On January 2, 1992, Moldova introduced a market economy, liberalising prices, which resulted in huge inflation. In 1993, a national currency, the Moldovan leu, was introduced to replace the Soviet ruble. The economic fortunes of Moldova began to change in 2001; since then the country has seen a steady annual growth of between 5% and 10%. Remittances from Moldovans abroad account for a quarter of Moldova's GDP, one of the highest percentages in the world. However, Ion Marandici claims the high level of remittances did not lead to development.[18]


Moldova's proximity to the Black Sea gives it a mild and sunny climate. The fertile soil supports wheat, corn, barley, tobacco, sugar beet, and soybeans.
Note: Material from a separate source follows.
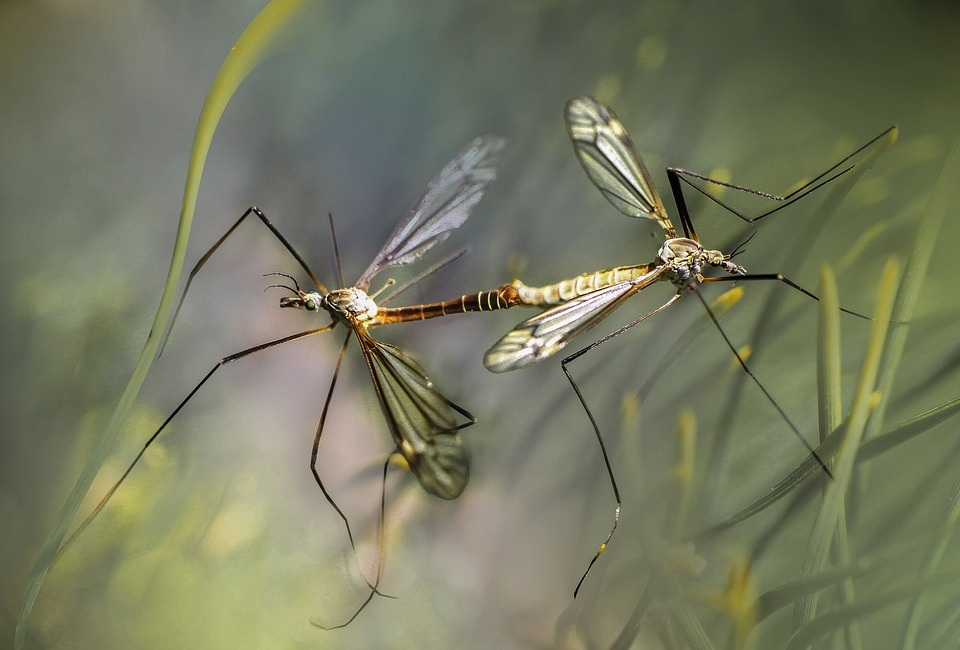 Mosquitoes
Beef and dairy cattle are raised, and beekeeping is widespread. Moldova's best-known product comes from its extensive and well-developed vineyards concentrated in the central and southern regions. In addition to world-class wine[citation needed], Moldova produces liqueur and sparkling wine. It is also known for its sunflower seeds, walnuts, apples, and other fruits. This makes the area ideal for agriculture and food processing, which accounts for about 40% of the country's GDP.
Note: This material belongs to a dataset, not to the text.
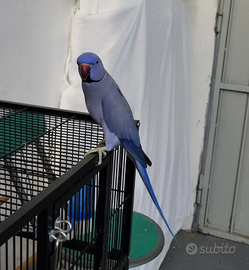 Parrocchetti dal collare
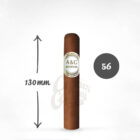 πούρο Ονδούρας, Mourtides robustos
GDP by sector, 1989, 1999 and 2015
GDP by sector, 1989, 1999 and 2015
A chart of Moldova's export products, 2013.
A chart of Moldova's export products, 2013.
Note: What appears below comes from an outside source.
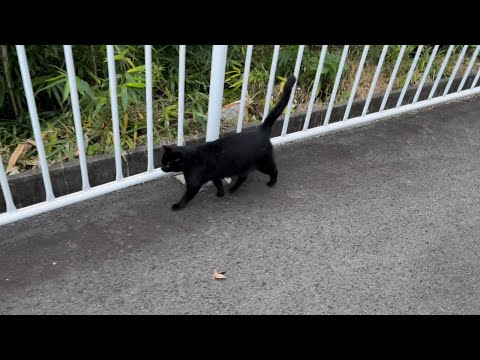 くろねこ　blackcat   2024年11月1日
Moldova has experienced economic difficulties, like many other former Soviet republics. Since its economy was highly dependent on the rest of the former Soviet Union for energy and raw materials, the breakdown in trade following the breakup of the Soviet Union had a serious effect, exacerbated at times by drought and civil conflict. The Russian ruble devaluation of 1998 had a deleterious effect on Moldova's economy, but economic growth has been steady since 2000.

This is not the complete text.